ABSTRACT

In an essay on anthropological museums, James Clifford suggests that one way of understanding ethnography itself is as “a form of culture collecting”. This perspective highlights “the ways that diverse experiences and facts are selected, gathered, detached from their original temporal occasions, and given enduring value in a new arrangement” (1988:231). Like ethnographies, museums construct spaces or slots of meaning inside which other cultures can be made intelligible to the museum visitor, and they give verbal information that answers the visitor's question “What does it mean?” (MacGaffey 2003:255). In these respects ethnographic exhibitions parallel the translation task of written ethnography, and the two also have close institutional and historical links.
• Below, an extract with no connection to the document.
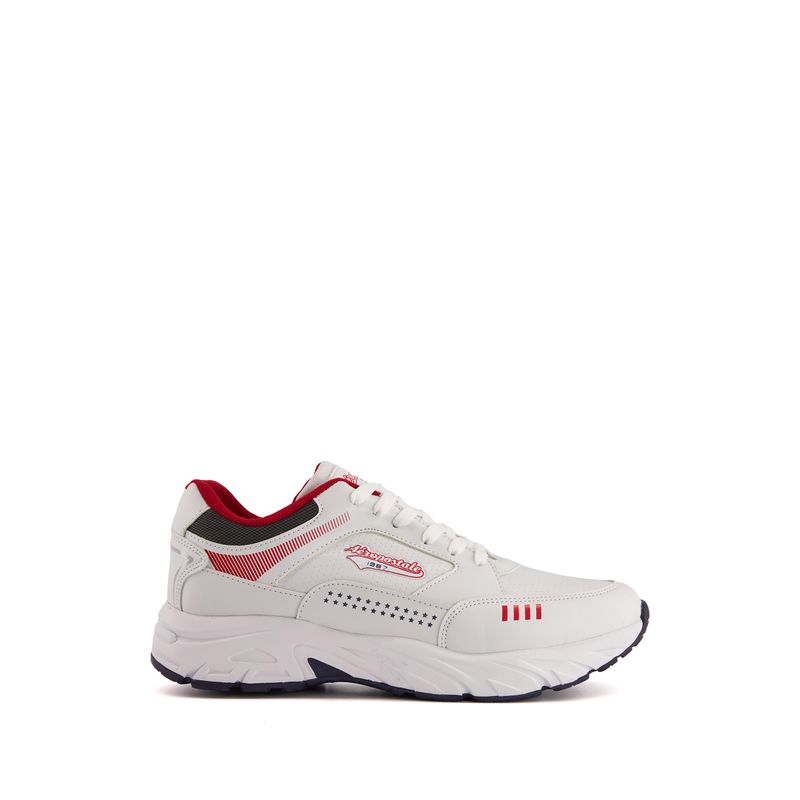 deportivo-aeropostale-hombre-67700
The ethnographic museum remains an important ‘public face’ of academic anthropology, though it enjoys an audience far larger and more diverse than written ethnography can dream of. Can museum ethnography, though, usefully be studied in terms of translation? Unlike literary translation there is no preceding physical text, and unlike written ethnography the museum's medium is not primarily words. Yet the ethnographic display shares with written ethnographies the task of ‘making sense’, in terms intelligible to the receiving culture, of a mass of cultural practices — it is another form of knowledge-sieve through which other people's lives are filtered for presentation inside the receiving discipline of anthropology, the larger institution of the museum, and the surrounding society.